The fallout has created huge problems for the country's ruling coalition.
Half the population saw the move as a humiliating capitulation to hypocritical bullying by the US and Britain.
They point out that the US continues to offer corporations high levels of secrecy in the state of Delaware (see page 14) while Britain's own tax havens of the Channel Islands and its overseas territories based in the Caribbean, plus the non-domicile tax laws, allow the world's super-rich to legally evade taxes on the bulk of their income.
The other half believe the Government should have acted earlier to avoid the embarrassment of Switzerland being frozen out of this week's crucial G20 talks to restore the world's economy. It was obvious to many that once the giant Swiss bank UBS became the centre of a hugely damaging tax evasion scandal in the US, life for Swiss wealth managers would never be the same again.

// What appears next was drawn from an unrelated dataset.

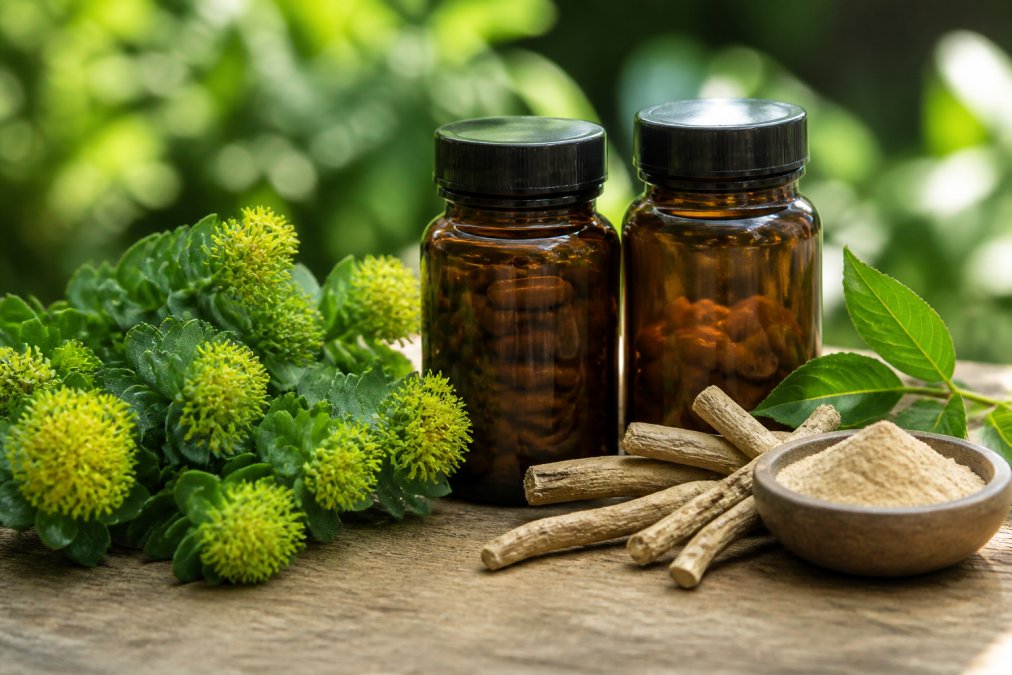 Flessen met Rhodiola en Ashwagandha burn-out herstel supplementen op een houten ondergrond met verse groene bladeren en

And so it has proved: Swiss banks have now instructed their top executives not to travel abroad for fear of being arrested in wide-ranging tax investigations in the US and Europe. A Swiss journalist last month posed as a rich individual with 3 million ($7 million) of tax-evaded income to invest, asking wealth managers in five banks to hide his windfall. Five years ago the stunt saw all the banks suggest concrete measures to ensure the cash pile stayed intact.
Last month just one bank offered advice.
Swiss leaders are suggesting their concession ending bank secrecy will take years to implement and they will argue that the law should not be applied retrospectively, so protecting the country's status as banker to the world's super-rich. Others argue they will implement the measure only if the US drops its legal action against UBS which is seeking the banking details of up to 52,000 US citizens.
Influential commentators such as Martin Wolf in the Financial Times and Avinash Persaud maintain that the agenda to clamp down on so-called secrecy jurisdictions is a distraction. It is music to the ears of the leaders of Switzerland, Jersey and the Caymans, who quote their pieces back almost verbatim denying their jurisdictions and financial sectors are remotely linked to the chaos gripping world markets.
Yet senior officials at the OECD say most of the world's insurance firms, hedge funds and private equity houses are registered in jurisdictions where reporting requirements are minimal. And the global banking system has hundreds of thousands of subsidiaries in offshore centres. HSBC revealed in February that it has 2008 legal subsidiaries around the world including in Liechtenstein, the Bahamas and Jersey.
And as countries spend trillions bailing out banks, running up huge deficits in the process, Treasury ministers are mindful of the US$11.5 trillion locked away in tax havens which could provide US$250 billion in taxable income.
As the prospect of increased supervision comes closer, the growing army of campaigning groups, churches and unions which have lighted on tax as the missing link in the poverty alleviation debate fear that proposals to increase information exchange will not go far enough.
We will soon know if Mitchell and his friends can keep the storm from lashing the world's tranquil financial havens.
Tax Havens
What are they?
According to the OECD, tax havens have: no taxes, or only nominal taxes; a lack of transparency; laws or practices that prevent the effective exchange of information for tax purposes with other jurisdictions; no requirement to have any substantive local presence.
How much is at stake?
Estimates of the amounts held in "offshore tax centres" range from US$1.7 trillion to US$11.5 trillion.
How many?
The OECD lists 35 jurisdictions which have now agreed to improve transparency and exchange information for tax purposes. They range from the well-known - the Cayman Islands and Jersey - to more obscure locales such as San Marino and Montserrat. Three more "unco-operative tax havens" - Andorra, Liechtenstein and Monaco - have recently agreed to take steps toward meeting the OECD's demands.